◆ **Exercise goal**:
Copying exactly, give the lines in the material below from the one with "Washington State, Lyle." to the one with "Lizards Adapt To Hurricanes!", ends included, and nothing besides.

◆ **Dataset extract**:
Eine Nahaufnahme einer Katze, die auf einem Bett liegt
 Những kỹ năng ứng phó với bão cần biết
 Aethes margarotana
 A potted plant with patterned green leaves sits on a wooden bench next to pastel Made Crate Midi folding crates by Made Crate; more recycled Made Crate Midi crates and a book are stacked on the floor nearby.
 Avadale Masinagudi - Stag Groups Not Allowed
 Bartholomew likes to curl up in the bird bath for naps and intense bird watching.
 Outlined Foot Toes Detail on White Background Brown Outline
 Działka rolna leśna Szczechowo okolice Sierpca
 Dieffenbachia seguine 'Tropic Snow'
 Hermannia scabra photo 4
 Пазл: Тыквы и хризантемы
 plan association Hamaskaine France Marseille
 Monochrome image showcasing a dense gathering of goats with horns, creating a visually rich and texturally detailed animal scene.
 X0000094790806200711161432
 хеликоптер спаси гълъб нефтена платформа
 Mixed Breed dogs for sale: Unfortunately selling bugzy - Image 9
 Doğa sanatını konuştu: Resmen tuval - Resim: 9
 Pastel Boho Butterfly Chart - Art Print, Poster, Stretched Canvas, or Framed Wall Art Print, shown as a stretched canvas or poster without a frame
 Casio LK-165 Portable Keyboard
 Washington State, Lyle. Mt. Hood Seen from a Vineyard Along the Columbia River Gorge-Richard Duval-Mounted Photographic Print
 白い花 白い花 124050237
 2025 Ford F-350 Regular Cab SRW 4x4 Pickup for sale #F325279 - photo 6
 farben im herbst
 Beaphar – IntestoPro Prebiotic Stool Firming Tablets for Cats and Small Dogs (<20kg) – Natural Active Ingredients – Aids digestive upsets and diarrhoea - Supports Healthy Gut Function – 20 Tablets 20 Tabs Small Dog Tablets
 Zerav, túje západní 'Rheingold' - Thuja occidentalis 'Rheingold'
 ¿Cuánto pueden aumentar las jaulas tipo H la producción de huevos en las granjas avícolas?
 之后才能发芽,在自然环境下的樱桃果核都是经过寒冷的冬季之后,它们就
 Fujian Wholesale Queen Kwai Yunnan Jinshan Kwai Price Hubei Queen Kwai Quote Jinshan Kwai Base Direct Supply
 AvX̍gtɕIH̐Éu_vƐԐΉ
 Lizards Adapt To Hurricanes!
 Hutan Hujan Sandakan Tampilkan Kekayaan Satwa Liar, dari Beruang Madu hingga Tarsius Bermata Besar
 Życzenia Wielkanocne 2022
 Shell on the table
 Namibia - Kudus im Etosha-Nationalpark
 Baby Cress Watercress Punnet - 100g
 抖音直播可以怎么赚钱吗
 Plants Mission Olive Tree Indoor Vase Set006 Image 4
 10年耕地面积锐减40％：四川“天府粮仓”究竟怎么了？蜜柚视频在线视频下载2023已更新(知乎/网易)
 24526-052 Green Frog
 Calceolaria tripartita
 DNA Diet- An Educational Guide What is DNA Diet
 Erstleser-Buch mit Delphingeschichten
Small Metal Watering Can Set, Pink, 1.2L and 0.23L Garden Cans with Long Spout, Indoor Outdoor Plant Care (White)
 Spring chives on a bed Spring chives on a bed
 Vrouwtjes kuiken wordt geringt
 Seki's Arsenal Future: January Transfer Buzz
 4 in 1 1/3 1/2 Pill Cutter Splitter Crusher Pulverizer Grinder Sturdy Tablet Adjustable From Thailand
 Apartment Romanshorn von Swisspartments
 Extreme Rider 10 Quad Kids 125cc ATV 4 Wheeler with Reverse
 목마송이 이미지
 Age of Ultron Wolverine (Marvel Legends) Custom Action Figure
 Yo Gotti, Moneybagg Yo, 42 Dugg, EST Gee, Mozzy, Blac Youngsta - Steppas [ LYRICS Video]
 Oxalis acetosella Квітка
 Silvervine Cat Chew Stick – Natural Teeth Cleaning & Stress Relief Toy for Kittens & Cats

◆ **Exercise response**:
 Washington State, Lyle. Mt. Hood Seen from a Vineyard Along the Columbia River Gorge-Richard Duval-Mounted Photographic Print
 白い花 白い花 124050237
 2025 Ford F-350 Regular Cab SRW 4x4 Pickup for sale #F325279 - photo 6
 farben im herbst
 Beaphar – IntestoPro Prebiotic Stool Firming Tablets for Cats and Small Dogs (<20kg) – Natural Active Ingredients – Aids digestive upsets and diarrhoea - Supports Healthy Gut Function – 20 Tablets 20 Tabs Small Dog Tablets
 Zerav, túje západní 'Rheingold' - Thuja occidentalis 'Rheingold'
 ¿Cuánto pueden aumentar las jaulas tipo H la producción de huevos en las granjas avícolas?
 之后才能发芽,在自然环境下的樱桃果核都是经过寒冷的冬季之后,它们就
 Fujian Wholesale Queen Kwai Yunnan Jinshan Kwai Price Hubei Queen Kwai Quote Jinshan Kwai Base Direct Supply
 AvX̍gtɕIH̐Éu_vƐԐΉ
 Lizards Adapt To Hurricanes!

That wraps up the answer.